Depending on one’s specific circumstances, there are also coal, geothermal devices, solar cells, and fuel cells. Small, increasingly inexpensive fuel cells used for direct electrical conversion from LP (liquid propane) gas are coming on the scene. There are also very unconventional fuel sources. My father ran out every time a team of horses came by to scoop up any road apples, which were either dried for fuel or shoveled into the garden as fertilizer. Although road apples have gone the way of dinosaurs in most places, your city survival plan will eventually entail these sorts of improvisations.
Shelter in our list of threes also encompasses clothing and emergency medical supplies. Most people in our outdoor-oriented society have sufficient boots, jackets, and warm, woolly sweaters to wear when the place can’t be kept at 62 degrees. Emergency medical supplies are a complex, separate, and very philosophical issue that should be addressed by survivors as quickly as possible.
Shelter might be your present home or apartment. First backup can include an abandoned cellar, backyard dugout, a tent, or per haps a cooperative area, depending on risk levels. Others may have a travel camper, old bus body, or even an old warehouse in which to hide a shelter. You may make tentative plans to move in with your kids or back to your parents. Anything just so long as the Rule of Threes relative to shelters is addressed.

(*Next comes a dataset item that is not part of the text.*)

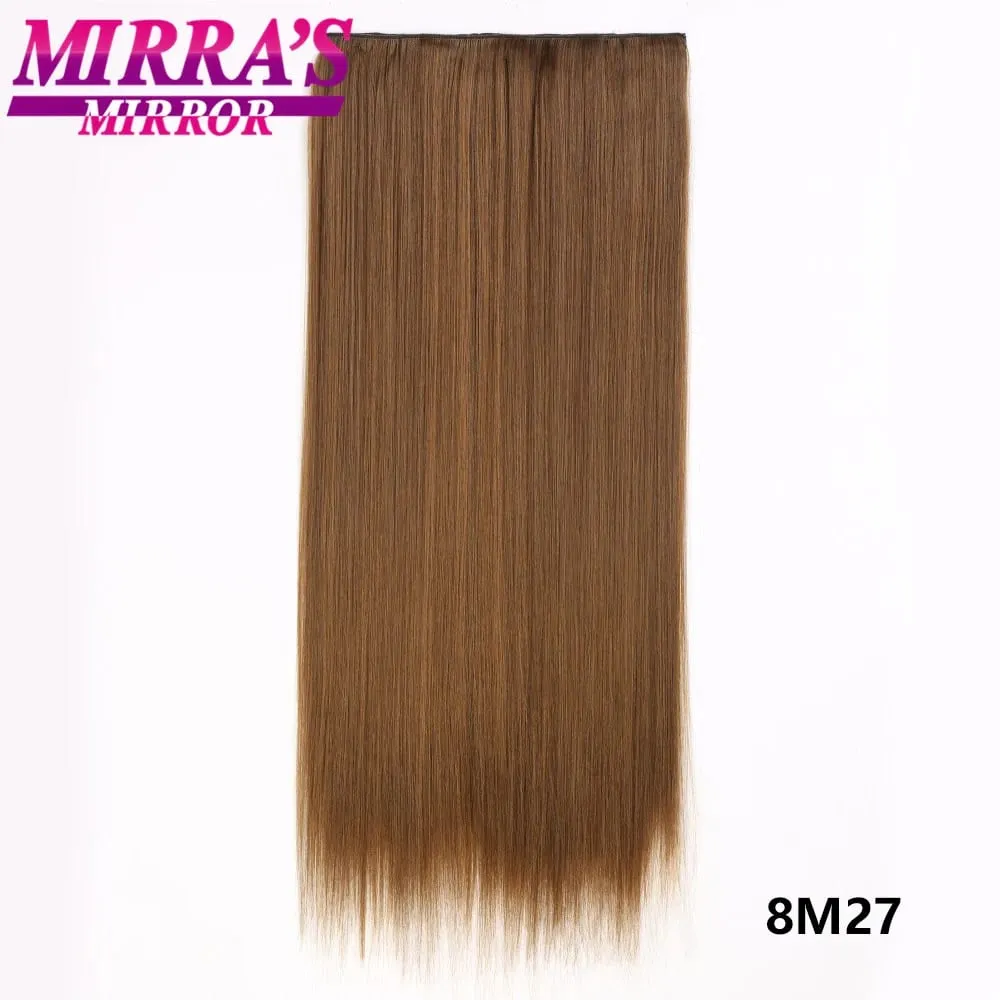 Clip In Hair Extensions With Clips Hairpieces Synthetic Extension False/Fake Hair Blonde Eunice Hair Long Hair Pieces Red Pink — image 69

It’s tough advice for city people, but no matter what, never, never become a refugee. Survival rates among refugees with no control of their destinies are dismal. Refugees are totally the wards of government. If you believe the government does an adequate job of running the post office, Social Security, and the military, then you will probably be satisfied with the way it will run your life as a refugee. Effective hiding is an important part of city survival as it relates to the Rule of Threes.
Our technology is changing quickly. For this and reasons of personal circumstances, skills, and likes and dislikes, our personal survival plans are never final. Readers should include survival means that I have never dreamed of within their own Rule of Threes. A survivor in east Boise, Idaho, has his own private geothermal heat. well, for instance! We will miss opportunities unless we are constantly alert for them.
Russian survivors also postulated the Rule of Threes, but it didn’t maintain their Soviet Union.
A Russian flag flies over the old Soviet embassy in Bangkok. Russians’ use of the Rule of Threes often covers only social situations, e.g.: If you want your flag pole to stay up, set it in concrete and use doublestrength metal pipe and guy wires.
This is the overall guiding philosophy to survival. Obviously it applies to city survival. Commit to it and you will live. To gloss over parts of it is to suffer extreme consequences.